[Image-caption web data]
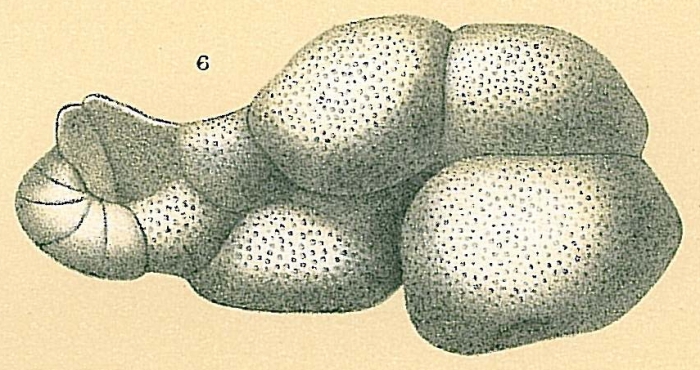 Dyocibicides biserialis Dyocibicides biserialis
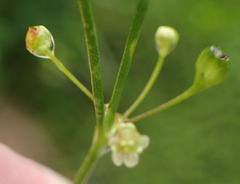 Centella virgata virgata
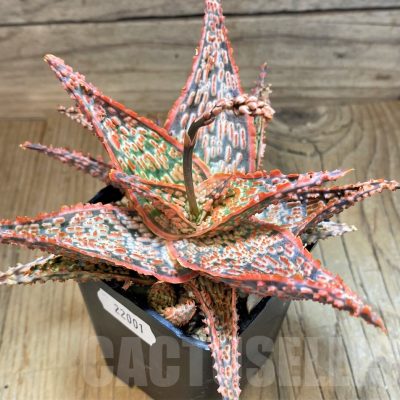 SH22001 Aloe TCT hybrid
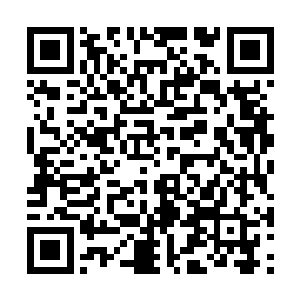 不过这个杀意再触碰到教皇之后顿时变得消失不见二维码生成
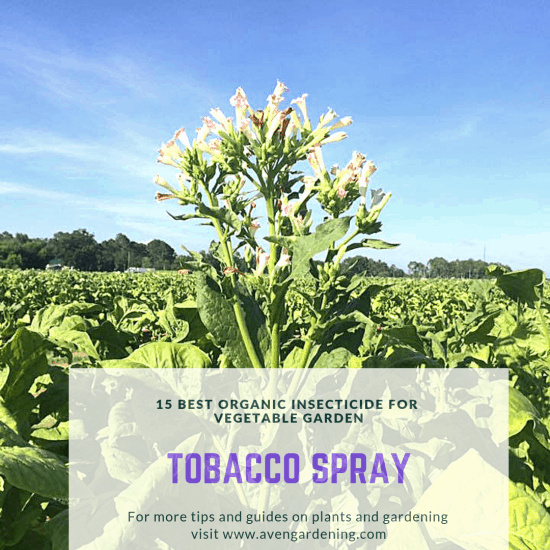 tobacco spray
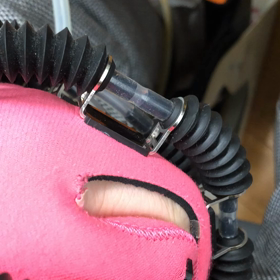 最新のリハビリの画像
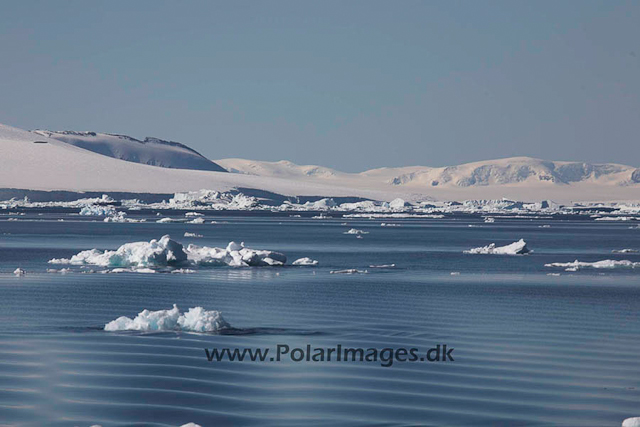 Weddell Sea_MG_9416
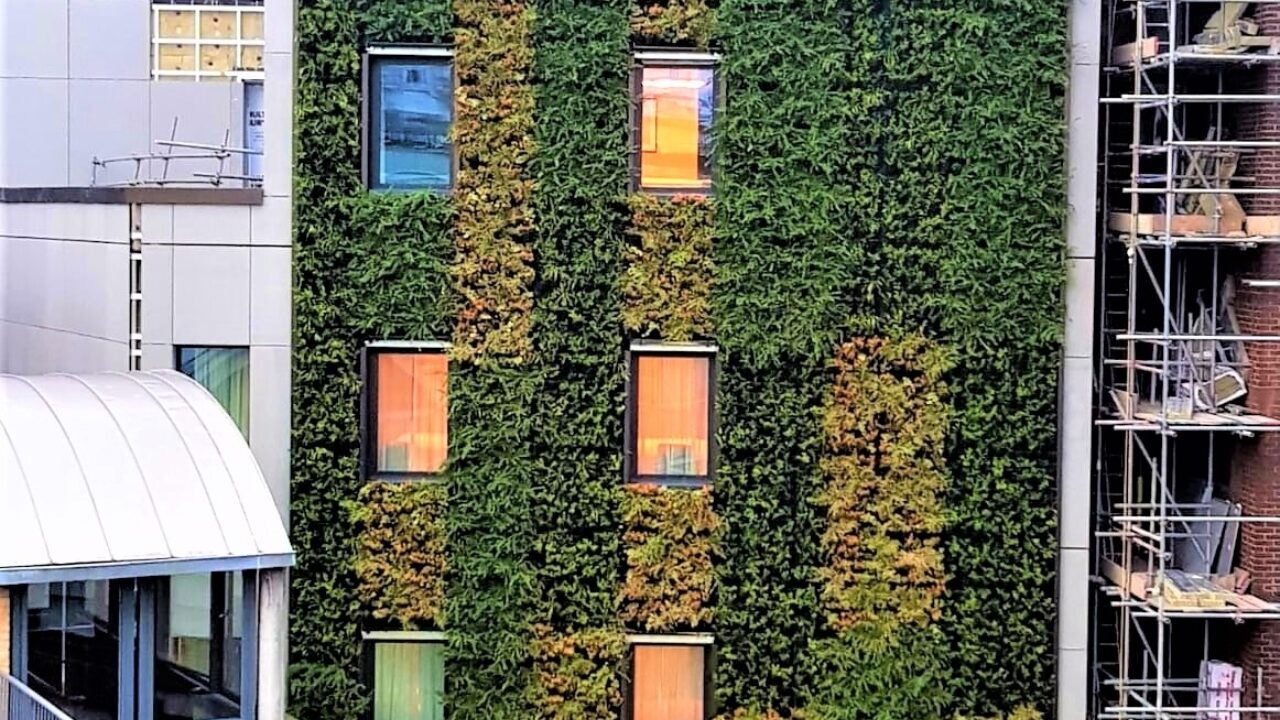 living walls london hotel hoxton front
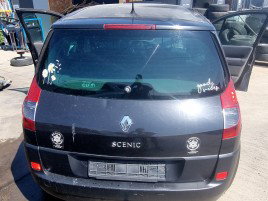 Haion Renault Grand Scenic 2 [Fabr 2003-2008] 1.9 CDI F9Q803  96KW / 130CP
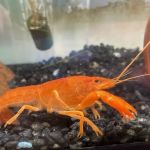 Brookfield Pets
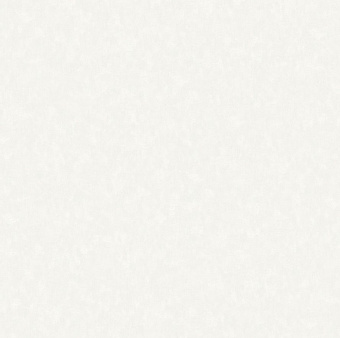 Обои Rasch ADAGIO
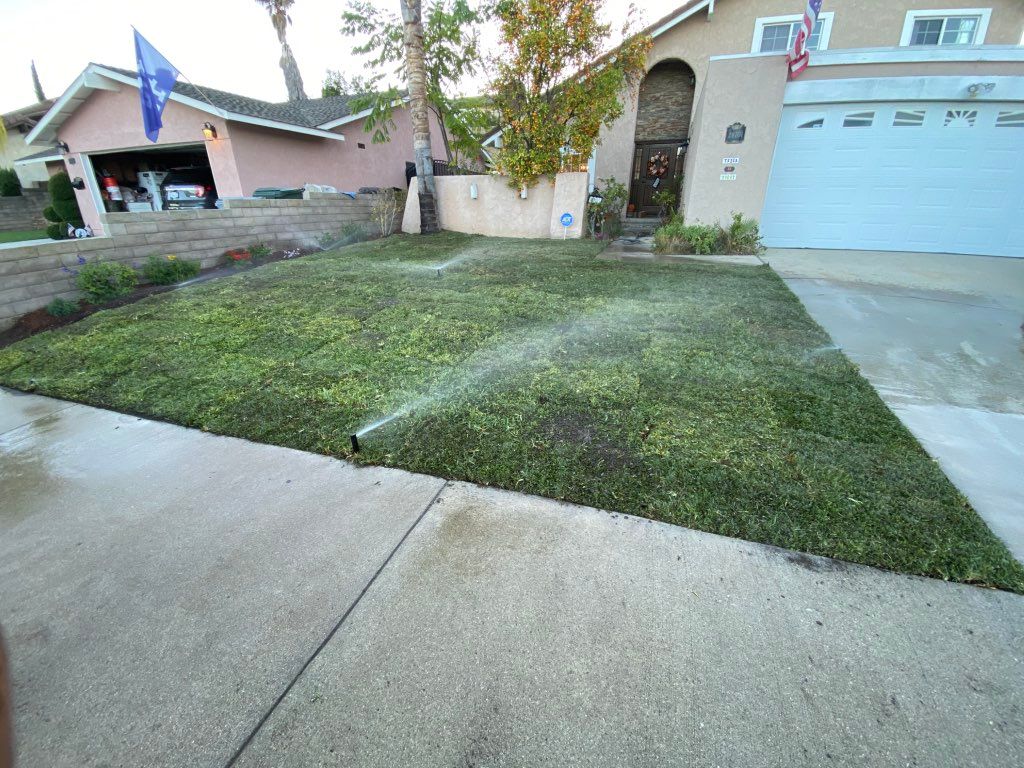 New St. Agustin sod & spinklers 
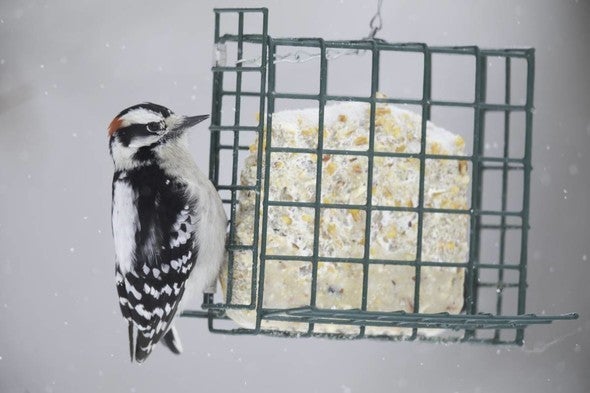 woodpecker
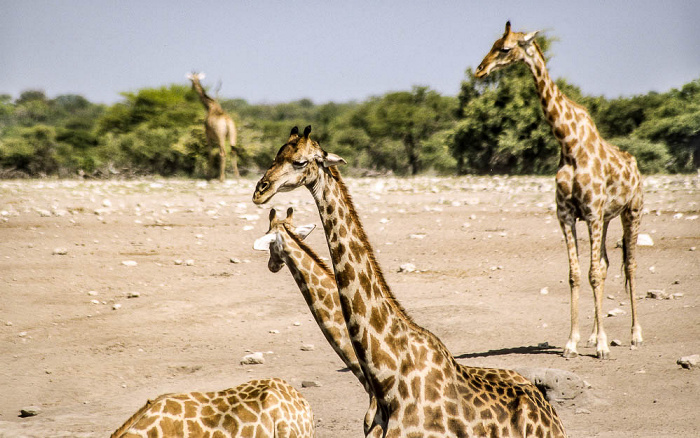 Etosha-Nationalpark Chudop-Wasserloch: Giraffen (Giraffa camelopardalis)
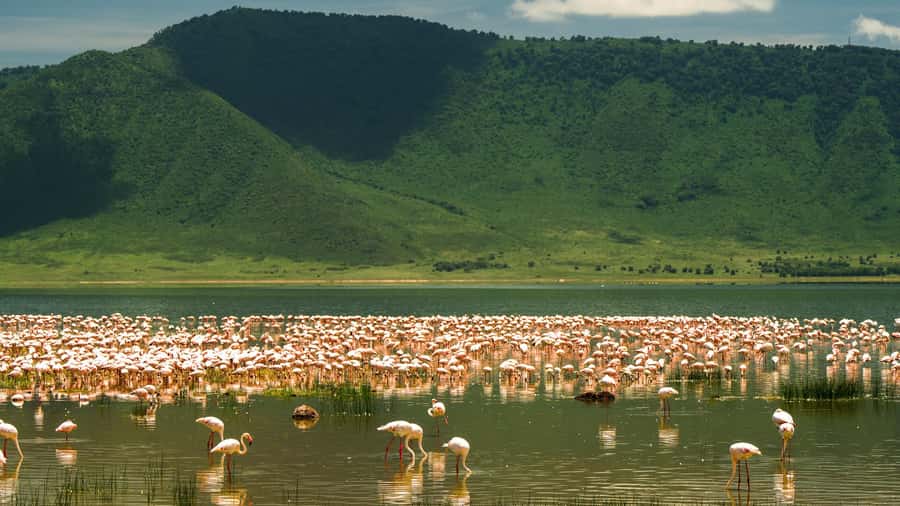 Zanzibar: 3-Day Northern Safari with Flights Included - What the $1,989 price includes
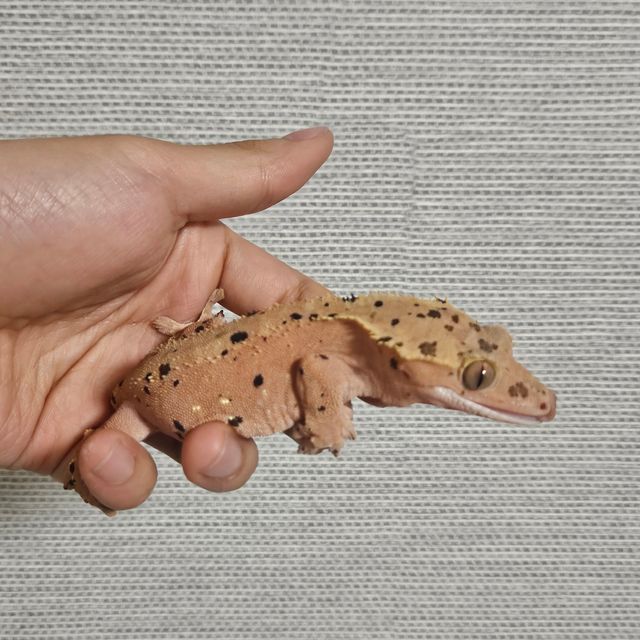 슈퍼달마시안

- Exercise -
Please write every line above out exactly as given, except for any pictures.

- Result -
 Dyocibicides biserialis Dyocibicides biserialis
 Centella virgata virgata
 SH22001 Aloe TCT hybrid
 不过这个杀意再触碰到教皇之后顿时变得消失不见二维码生成
 tobacco spray
 最新のリハビリの画像
 Weddell Sea_MG_9416
 living walls london hotel hoxton front
 Haion Renault Grand Scenic 2 [Fabr 2003-2008] 1.9 CDI F9Q803  96KW / 130CP
 Brookfield Pets
 Обои Rasch ADAGIO
 New St. Agustin sod & spinklers 
 woodpecker
 Etosha-Nationalpark Chudop-Wasserloch: Giraffen (Giraffa camelopardalis)
 Zanzibar: 3-Day Northern Safari with Flights Included - What the $1,989 price includes
 슈퍼달마시안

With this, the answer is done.